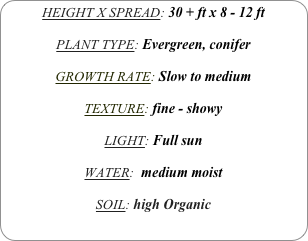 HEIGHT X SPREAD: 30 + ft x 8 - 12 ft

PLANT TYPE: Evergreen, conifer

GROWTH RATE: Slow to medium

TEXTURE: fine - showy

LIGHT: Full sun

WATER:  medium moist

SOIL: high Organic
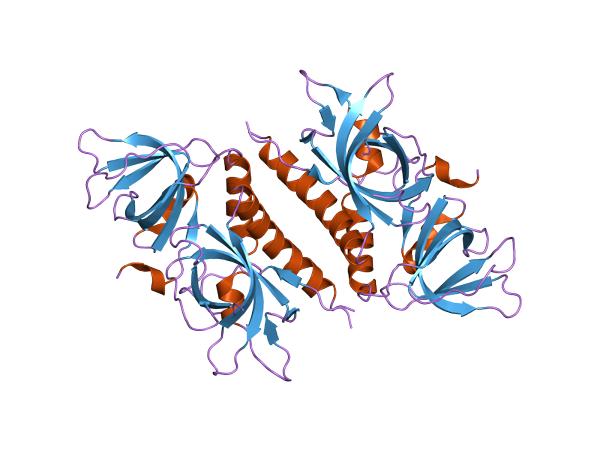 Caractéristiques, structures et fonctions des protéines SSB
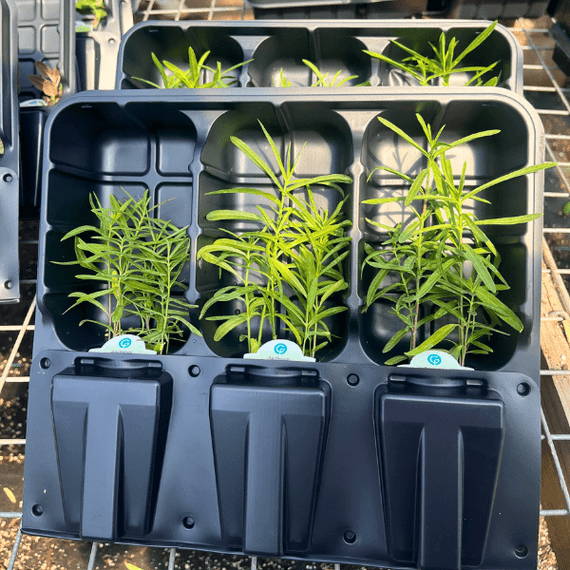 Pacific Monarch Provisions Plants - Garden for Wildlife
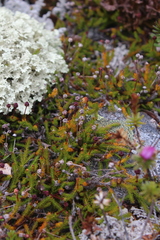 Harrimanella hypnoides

※ ※ ※

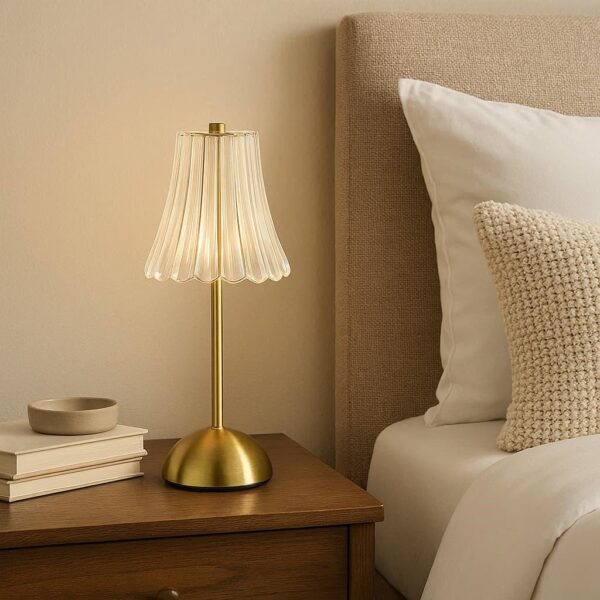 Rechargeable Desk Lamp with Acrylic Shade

※ ※ ※

▶ _DIRECTIONS_:
In the entries above, find the line containing "GROWTH RATE: Slow to medium" and the line containing "Harrimanella hypnoides", then copy both and every line between them exactly, without any picture.

▶ _RESPONSE AREA_:
GROWTH RATE: Slow to medium

TEXTURE: fine - showy

LIGHT: Full sun

WATER:  medium moist

SOIL: high Organic
 Caractéristiques, structures et fonctions des protéines SSB
 Pacific Monarch Provisions Plants - Garden for Wildlife
 Harrimanella hypnoides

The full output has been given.